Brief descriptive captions
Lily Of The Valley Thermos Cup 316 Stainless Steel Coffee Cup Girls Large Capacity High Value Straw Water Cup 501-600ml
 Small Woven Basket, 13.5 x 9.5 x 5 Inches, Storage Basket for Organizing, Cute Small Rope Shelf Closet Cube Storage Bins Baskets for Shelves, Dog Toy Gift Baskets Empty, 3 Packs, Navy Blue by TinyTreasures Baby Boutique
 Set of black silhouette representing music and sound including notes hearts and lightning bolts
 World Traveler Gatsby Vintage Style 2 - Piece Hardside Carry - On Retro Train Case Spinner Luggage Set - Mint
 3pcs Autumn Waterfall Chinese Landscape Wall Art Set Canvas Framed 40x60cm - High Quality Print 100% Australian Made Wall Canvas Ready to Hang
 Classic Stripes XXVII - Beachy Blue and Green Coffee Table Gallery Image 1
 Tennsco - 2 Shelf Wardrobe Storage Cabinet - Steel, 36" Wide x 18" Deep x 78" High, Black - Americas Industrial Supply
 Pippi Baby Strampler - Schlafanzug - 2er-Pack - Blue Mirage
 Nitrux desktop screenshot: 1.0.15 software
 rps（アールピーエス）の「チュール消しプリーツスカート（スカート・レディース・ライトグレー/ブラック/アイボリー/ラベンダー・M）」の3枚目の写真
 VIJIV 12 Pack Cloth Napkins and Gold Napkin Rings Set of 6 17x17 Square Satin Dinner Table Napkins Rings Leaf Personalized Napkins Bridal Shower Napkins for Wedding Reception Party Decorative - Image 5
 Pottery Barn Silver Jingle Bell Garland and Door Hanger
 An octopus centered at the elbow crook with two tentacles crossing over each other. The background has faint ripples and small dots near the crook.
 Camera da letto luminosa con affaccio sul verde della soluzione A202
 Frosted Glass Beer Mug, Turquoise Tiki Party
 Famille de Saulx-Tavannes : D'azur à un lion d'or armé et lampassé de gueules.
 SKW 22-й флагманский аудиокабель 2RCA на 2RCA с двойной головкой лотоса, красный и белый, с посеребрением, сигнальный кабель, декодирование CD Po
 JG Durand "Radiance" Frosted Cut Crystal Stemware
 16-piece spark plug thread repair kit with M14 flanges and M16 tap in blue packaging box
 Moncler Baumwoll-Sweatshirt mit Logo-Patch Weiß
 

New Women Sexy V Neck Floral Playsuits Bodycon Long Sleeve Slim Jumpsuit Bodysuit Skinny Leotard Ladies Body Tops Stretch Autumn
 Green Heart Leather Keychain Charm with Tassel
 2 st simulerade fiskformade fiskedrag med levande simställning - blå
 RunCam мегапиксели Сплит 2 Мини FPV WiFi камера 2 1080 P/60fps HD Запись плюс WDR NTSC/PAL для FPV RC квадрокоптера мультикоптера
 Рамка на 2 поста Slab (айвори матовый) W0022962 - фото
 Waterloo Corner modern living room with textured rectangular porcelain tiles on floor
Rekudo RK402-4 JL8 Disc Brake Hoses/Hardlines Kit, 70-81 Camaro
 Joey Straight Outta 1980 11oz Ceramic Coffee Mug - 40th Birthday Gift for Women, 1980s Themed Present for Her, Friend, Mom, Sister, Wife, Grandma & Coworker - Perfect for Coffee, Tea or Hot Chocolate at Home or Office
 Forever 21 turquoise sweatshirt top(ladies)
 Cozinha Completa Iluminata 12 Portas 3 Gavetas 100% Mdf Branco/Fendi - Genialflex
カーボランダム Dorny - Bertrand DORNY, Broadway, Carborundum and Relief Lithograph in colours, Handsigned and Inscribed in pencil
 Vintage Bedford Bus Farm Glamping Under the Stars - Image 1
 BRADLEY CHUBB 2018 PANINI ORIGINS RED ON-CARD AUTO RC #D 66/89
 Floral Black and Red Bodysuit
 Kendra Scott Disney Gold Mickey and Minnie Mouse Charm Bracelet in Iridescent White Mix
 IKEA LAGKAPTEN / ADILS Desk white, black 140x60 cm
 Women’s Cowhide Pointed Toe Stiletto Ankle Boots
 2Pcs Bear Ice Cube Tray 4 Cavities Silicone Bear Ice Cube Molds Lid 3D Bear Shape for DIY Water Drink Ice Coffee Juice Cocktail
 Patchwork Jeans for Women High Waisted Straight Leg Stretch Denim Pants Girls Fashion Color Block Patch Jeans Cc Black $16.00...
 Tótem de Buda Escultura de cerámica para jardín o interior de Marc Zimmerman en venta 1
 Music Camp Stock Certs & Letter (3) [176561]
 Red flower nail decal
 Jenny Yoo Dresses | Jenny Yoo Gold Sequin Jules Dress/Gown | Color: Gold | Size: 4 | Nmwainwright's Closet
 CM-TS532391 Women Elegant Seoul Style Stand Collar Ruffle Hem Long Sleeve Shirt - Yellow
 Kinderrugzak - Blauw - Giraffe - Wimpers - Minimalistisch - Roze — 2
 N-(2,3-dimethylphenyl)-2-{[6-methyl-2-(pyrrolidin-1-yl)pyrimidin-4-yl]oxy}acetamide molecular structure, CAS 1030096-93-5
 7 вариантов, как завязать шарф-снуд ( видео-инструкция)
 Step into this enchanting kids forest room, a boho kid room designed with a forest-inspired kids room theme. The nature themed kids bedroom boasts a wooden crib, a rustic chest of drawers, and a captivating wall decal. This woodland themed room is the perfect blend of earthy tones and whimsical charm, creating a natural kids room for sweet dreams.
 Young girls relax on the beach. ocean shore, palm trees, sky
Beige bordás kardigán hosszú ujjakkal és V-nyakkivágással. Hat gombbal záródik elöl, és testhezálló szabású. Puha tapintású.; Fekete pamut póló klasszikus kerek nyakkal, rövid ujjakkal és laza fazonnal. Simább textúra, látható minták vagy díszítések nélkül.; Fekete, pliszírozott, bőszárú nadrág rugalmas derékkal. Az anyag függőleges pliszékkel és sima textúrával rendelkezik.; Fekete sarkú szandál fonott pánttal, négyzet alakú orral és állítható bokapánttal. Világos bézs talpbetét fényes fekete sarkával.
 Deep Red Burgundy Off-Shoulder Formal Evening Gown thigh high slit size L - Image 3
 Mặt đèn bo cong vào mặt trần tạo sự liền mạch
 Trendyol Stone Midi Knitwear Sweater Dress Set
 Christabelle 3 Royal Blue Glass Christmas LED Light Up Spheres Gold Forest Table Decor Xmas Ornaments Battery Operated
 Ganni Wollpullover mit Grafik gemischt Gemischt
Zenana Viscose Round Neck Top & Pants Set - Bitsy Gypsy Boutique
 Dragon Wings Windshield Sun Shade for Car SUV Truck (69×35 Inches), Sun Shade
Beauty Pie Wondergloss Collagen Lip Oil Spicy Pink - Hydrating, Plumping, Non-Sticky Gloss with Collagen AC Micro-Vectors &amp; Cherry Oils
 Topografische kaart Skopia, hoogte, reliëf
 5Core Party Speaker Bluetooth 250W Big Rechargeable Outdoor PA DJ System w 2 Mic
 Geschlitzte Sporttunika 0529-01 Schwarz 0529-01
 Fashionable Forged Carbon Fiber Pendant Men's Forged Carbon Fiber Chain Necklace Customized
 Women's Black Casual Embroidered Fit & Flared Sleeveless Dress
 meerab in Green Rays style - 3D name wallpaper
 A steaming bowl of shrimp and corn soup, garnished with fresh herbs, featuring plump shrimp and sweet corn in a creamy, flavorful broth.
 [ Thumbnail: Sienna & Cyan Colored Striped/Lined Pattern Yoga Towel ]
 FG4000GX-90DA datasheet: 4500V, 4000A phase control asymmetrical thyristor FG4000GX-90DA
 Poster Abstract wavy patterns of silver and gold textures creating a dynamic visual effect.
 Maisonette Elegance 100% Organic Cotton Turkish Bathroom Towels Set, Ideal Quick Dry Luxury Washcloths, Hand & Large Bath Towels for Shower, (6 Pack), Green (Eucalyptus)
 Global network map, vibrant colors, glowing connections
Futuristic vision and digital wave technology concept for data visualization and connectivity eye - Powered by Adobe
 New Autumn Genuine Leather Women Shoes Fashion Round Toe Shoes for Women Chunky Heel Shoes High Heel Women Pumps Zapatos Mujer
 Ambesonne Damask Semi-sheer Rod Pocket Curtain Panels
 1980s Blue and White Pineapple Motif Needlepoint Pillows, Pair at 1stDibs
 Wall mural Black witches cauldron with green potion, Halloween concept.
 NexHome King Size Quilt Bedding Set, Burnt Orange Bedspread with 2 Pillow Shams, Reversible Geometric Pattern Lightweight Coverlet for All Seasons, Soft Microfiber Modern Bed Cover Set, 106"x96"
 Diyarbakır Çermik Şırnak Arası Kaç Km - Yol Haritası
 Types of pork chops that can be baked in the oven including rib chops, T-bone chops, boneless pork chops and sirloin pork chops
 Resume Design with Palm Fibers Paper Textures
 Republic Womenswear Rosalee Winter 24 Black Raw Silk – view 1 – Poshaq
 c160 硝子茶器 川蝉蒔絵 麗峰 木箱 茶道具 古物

● Work to complete
Copy out every line from the records that has the word "Dress".

● Solution to the exercise
 Jenny Yoo Dresses | Jenny Yoo Gold Sequin Jules Dress/Gown | Color: Gold | Size: 4 | Nmwainwright's Closet
 Trendyol Stone Midi Knitwear Sweater Dress Set
 Women's Black Casual Embroidered Fit & Flared Sleeveless Dress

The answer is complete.